Doña María recuerda a «Galvis», un jovencito que al ver su fotografía es de gruesos anteojos, de camisa alargada, cabello enroscado, cara grácil y sonrisa discreta. Un día, cuenta ella, el muchacho fue llamado por los «jefes» de la esquina para cumplir su destino: agarró la pistola, caminó por la cuadra de arriba y abajo como si estuviera pasando los círculos del infierno o viviendo su pasarela. «Galvis» tenía quince años y miraba a los lados para asegurarse de que los testigos de su hazaña fueran suficientes; murmuraba nervioso. Empuñó su arma y repartió tres disparos a «Muñeca», una perra pastor alemán que llevaba varios días enferma sin pronósticos favorables. En el umbral del disparo nació un sicario y murió algo, no se sabe qué. «Disparar hace sentir vivo a cualquiera, lo enloquece», expresa Doña María para terminar su historia.

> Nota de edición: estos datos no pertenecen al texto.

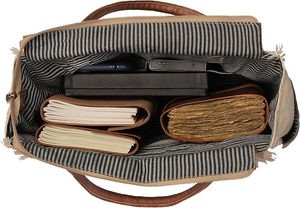 Bolso de Hombro de Lona Hecho a Mano al por Mayor para Mujer con Detalles de Cuero Premium, Bolso Tote Elegante para el Trabajo, Viajes y Compras - Product Image 5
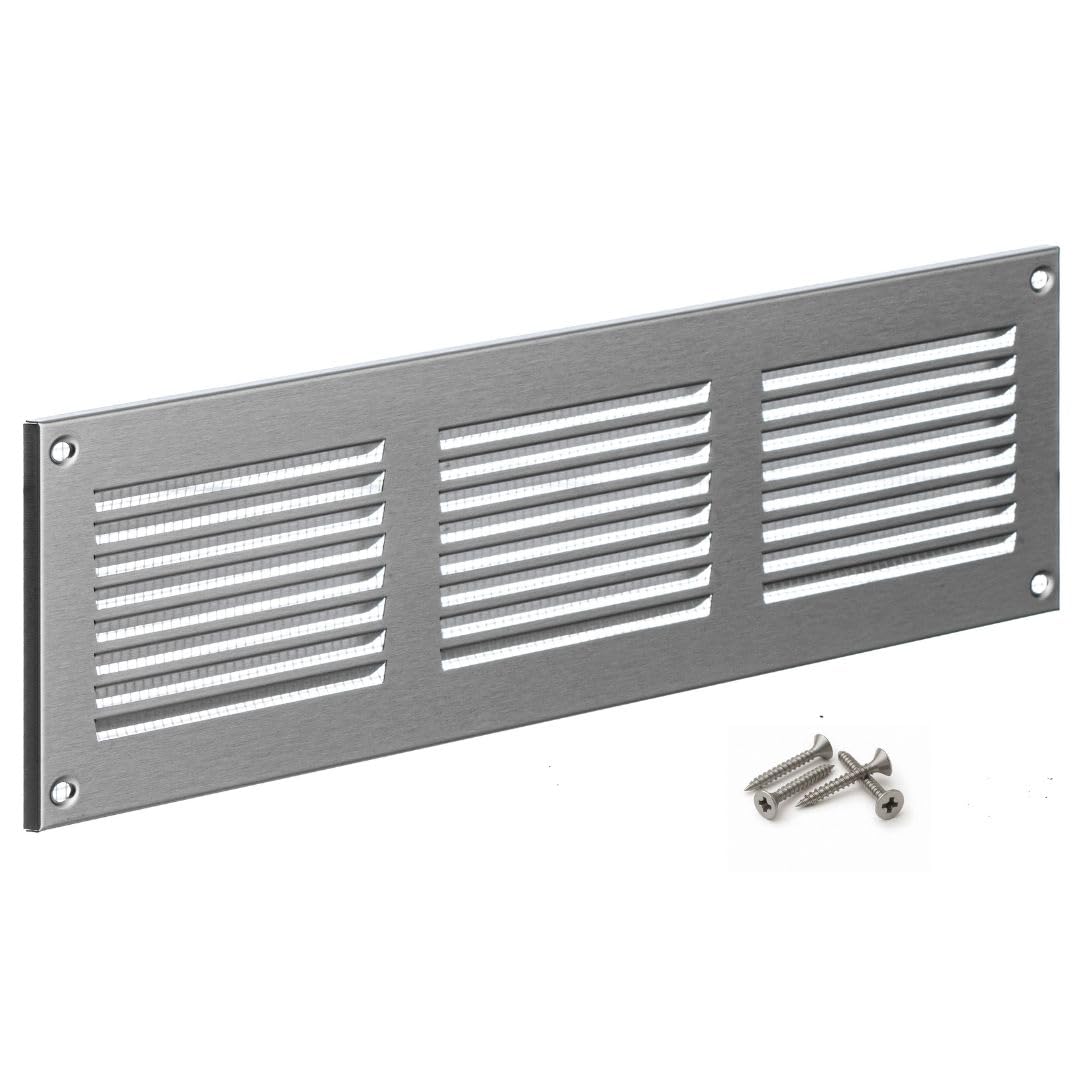 Steinberg14 Stainless Steel Ventilation Grille 300X100 Mm With Insect Screen For Wall, Door Or Ceiling, 12X4 In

Los paisajes de las montañas llevaban sonando millones de años, desde mucho antes de que el barrio se poblara de casitas y casotas, de lenguas y músicas, la montaña era una gran caja de resonancia del viento; las quebradas seguían su cause haciendo una melodía, la geología es también sonora. A comienzos del siglo pasado entre los barrios de Prado y Aranjuez existían terrenos con inmensos valles y muchas quebradas, Campo Valdés es un barrio incrustado en la ladera Nororiental. En 1958 solo había potreros, casas de frágiles materiales y una iglesia construida en 1942.

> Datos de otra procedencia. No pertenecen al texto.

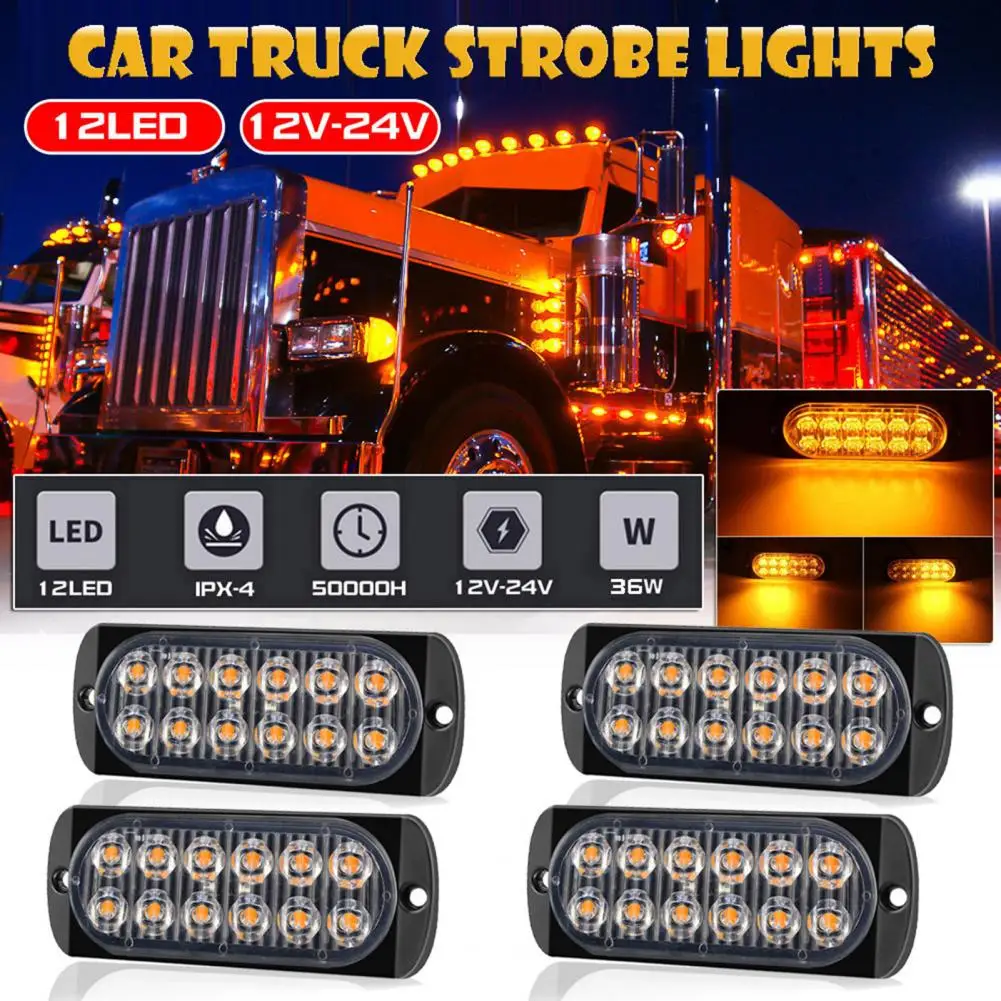 4Pcs LED Lamp  Long Service Life   LED Strobe Light LED Truck Signal Light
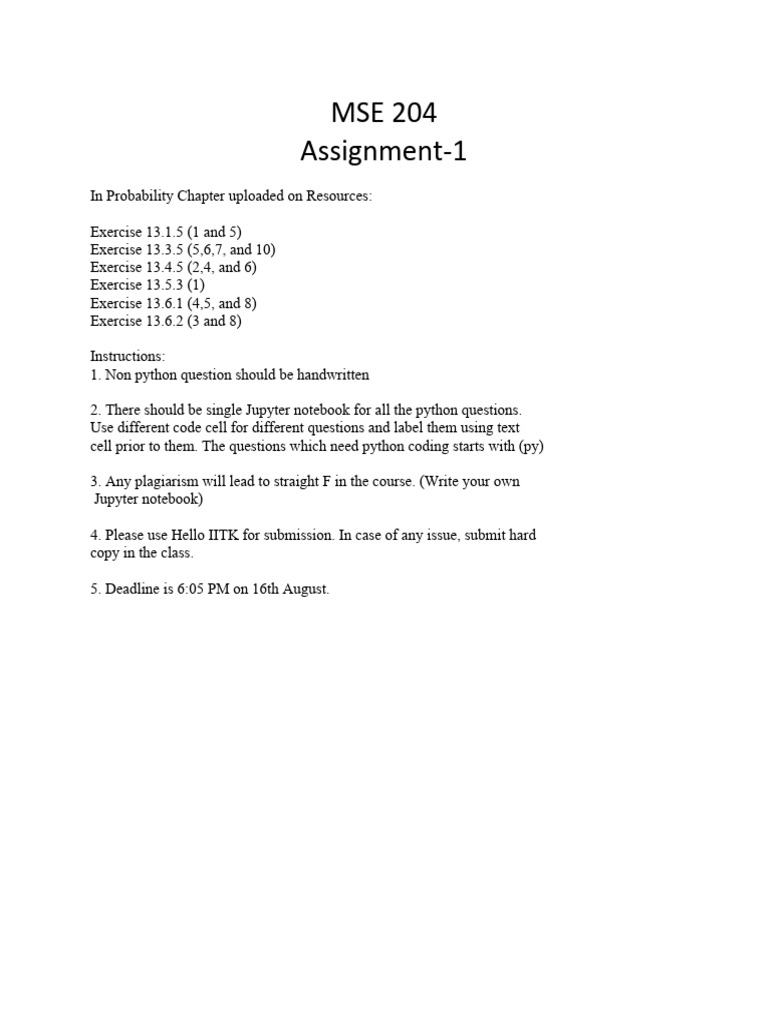 MSE 204 Assignment 1 Instructions | PDF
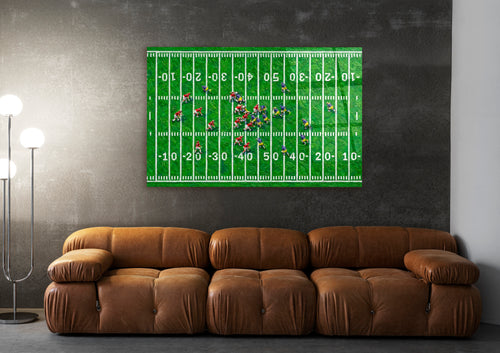 Aerial American Football Field Glass Wall Art in a modern interior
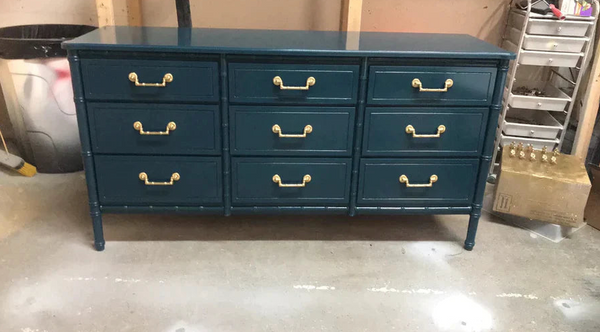 Vintage Faux Bamboo Classic Nine Drawer Triple Dresser Available for Custom Lacquer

Campo Valdés comenzó a llenarse de personas después de los años sesenta. Se construyó un mercado y por su cercanía al centro de la ciudad se convirtió en un lugar poblado por la clase trabajadora y un lugar tradicional. Doña María no se sonroja al responder que en el barrio «se vive bueno».

En los años ochenta y noventa, mientras que en Colombia la guerra entre guerrillas, narcotráfico y otros grupos armados incluyendo al Estado colmaban los titulares, en el barrio comenzaba, como dice Doña María, el «enredo». Los unos contra los otros, enfrentados y después siendo cómplices; microtráfico, extorsiones, asesinatos, en los barrios nacieron los combos, las «cuadritas»: «48» y «49», los sicarios de la Terraza y un sinfín de grupos que estaban al servicio del crimen. De pantanos y terrenos casi vacíos en los años de 1930 a un lugar de plena hostilidad a finales del siglo, el barrio nació y creció.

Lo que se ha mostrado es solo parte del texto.